En las cartas escritas a mano no sólo iba tinta sellada. Las letras describían, en distintos niveles, la personalidad y el estado anímico del escritor. Cierta vez, alguna leyenda dijo: "una vez fallecido, el que escribió las misivas podía ser traído de vuelta, sólo un poco, con extraer las antiguas cartas y leerlas en voz alta". En la tinta iba el espíritu, en el papel un recuerdo.
La caligrafía era una forma de arte. Y se engrandecía a las letras de inicio, con empeño, como obsequio de forma artística del remitente. La letra capital se volvía una llamada de atención, un sello, otro recuerdo representativo del poder del puño sosteniendo la pluma. Como entremés: antes de dar paso al mensaje de la carta el destinatario encontraba un descanso al ojo en la letra capital. Señal de respeto y anuncio honorable, como si al lector se le pusiera una alfombra roja antes de una puerta o se le trajera una copa de vino antes del plato fuerte.

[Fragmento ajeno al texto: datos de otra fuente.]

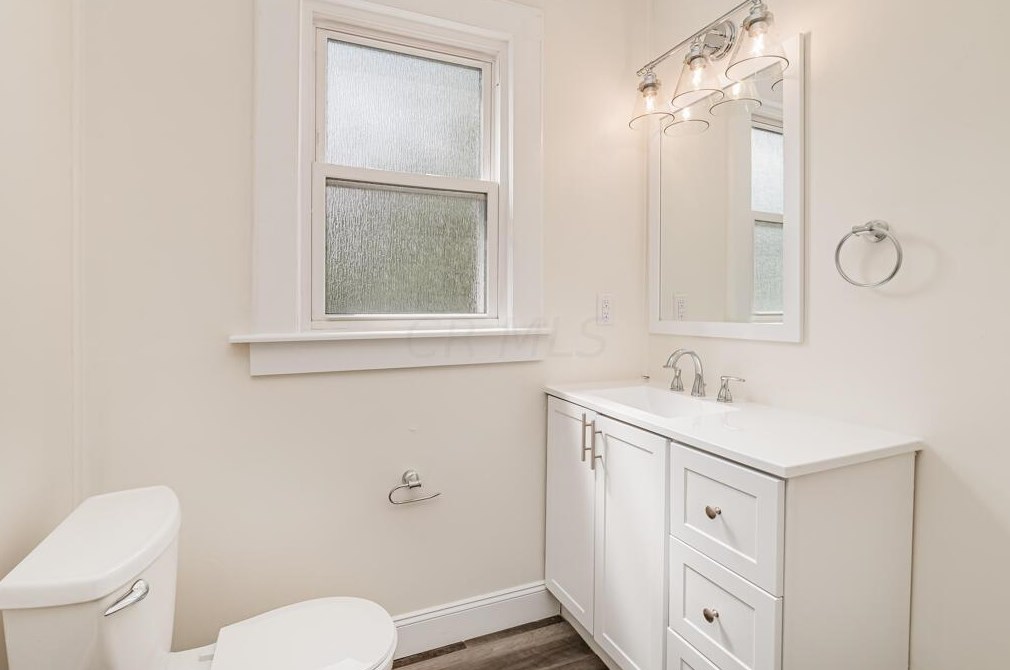 483 Hudson St, Columbus OH 43202-2704 exterior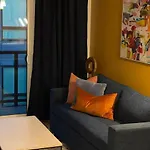 Full Kitchen-Youtubetv-Smart Locksking Bedtop Fl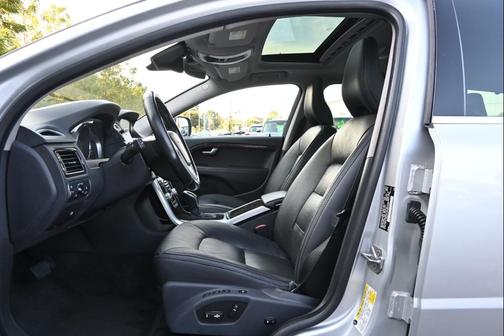 2016 Volvo XC70 T5 Premier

Y la firma, por supuesto: el broche que sellaba la despedida con algún arreglo íntimo. Los trazos que en realidad querían decir que podían verse pronto, o tarde. Quien haya tirado una carta escrita a mano ha cometido gravísimo pecado. Si fue carta de amenaza o mal intencionada, hizo bien; si fue carta romántica con anhelos y esperanzas en las letras, un sacrilegio literario.